→ WHAT THE TASK ASKS
This exercise calls for the data below to be retyped exactly, minus any images.

→ STORED DATA

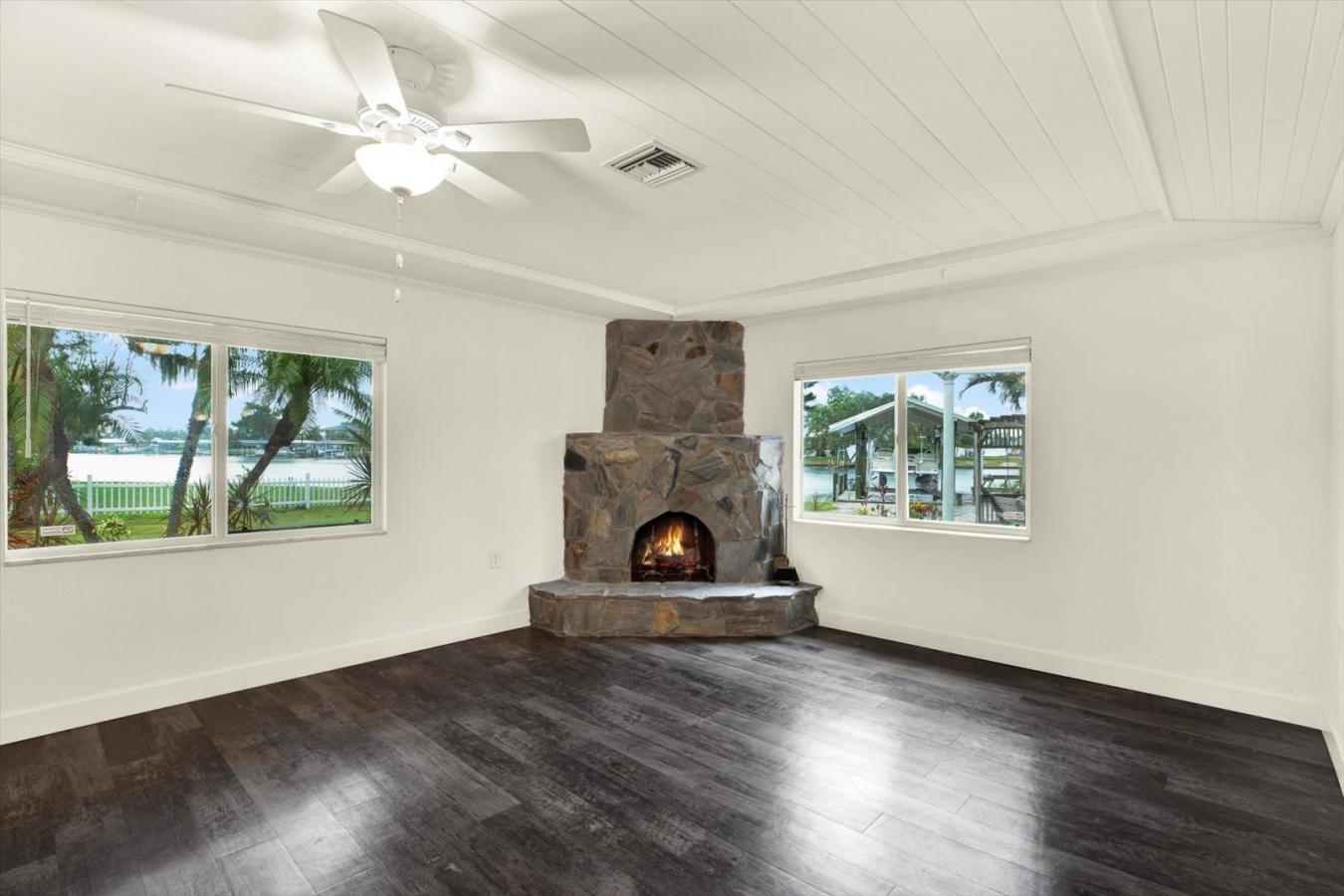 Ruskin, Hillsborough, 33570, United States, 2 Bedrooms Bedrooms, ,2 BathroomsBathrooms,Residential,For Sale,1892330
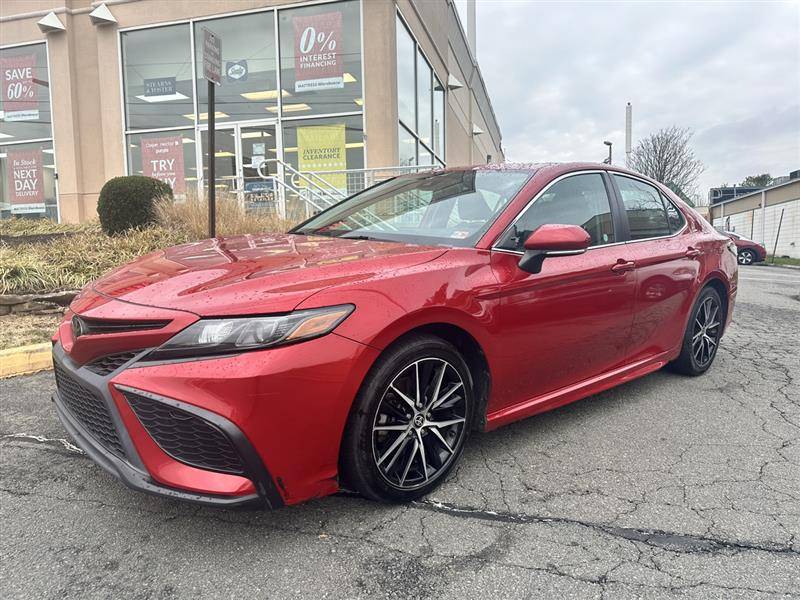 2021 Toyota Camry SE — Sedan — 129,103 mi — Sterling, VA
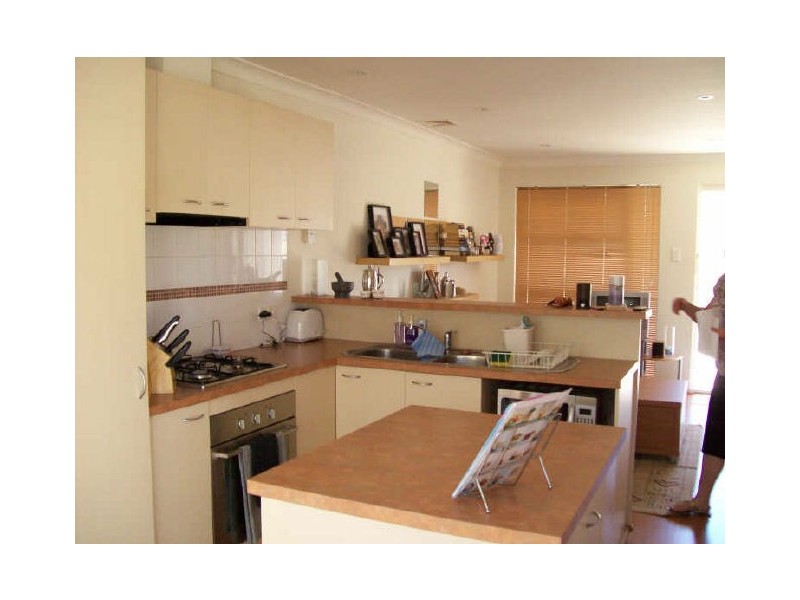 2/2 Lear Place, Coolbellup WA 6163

→ SOLVED PROBLEM
 Ruskin, Hillsborough, 33570, United States, 2 Bedrooms Bedrooms, ,2 BathroomsBathrooms,Residential,For Sale,1892330
 2021 Toyota Camry SE — Sedan — 129,103 mi — Sterling, VA
 2/2 Lear Place, Coolbellup WA 6163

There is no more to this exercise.